> _HOW TO COMPLETE THIS TASK_
Exactly and only the lines below from the one containing "Meniscus Repair" down to the one containing "thyroid eye disease before treatment" are wanted, both included; please exclude every picture.

> _DATA TO EXAMINE_
********************

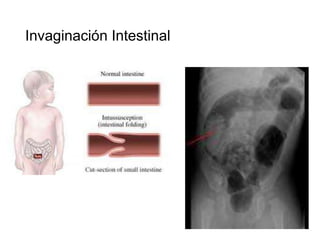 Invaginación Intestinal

********************

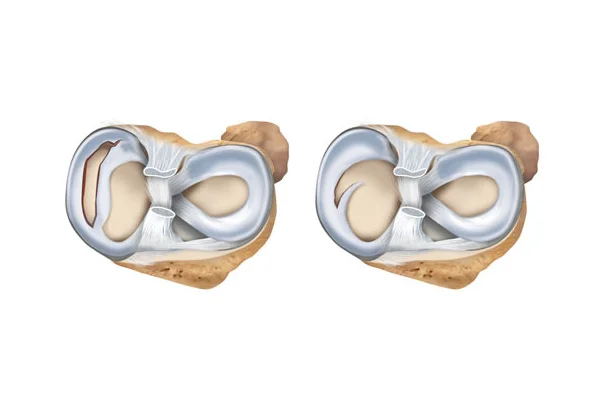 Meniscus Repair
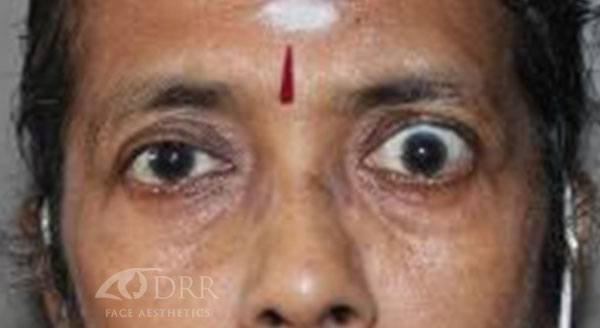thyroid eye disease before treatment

********************

> _RESULT BELOW_
 Meniscus Repair
thyroid eye disease before treatment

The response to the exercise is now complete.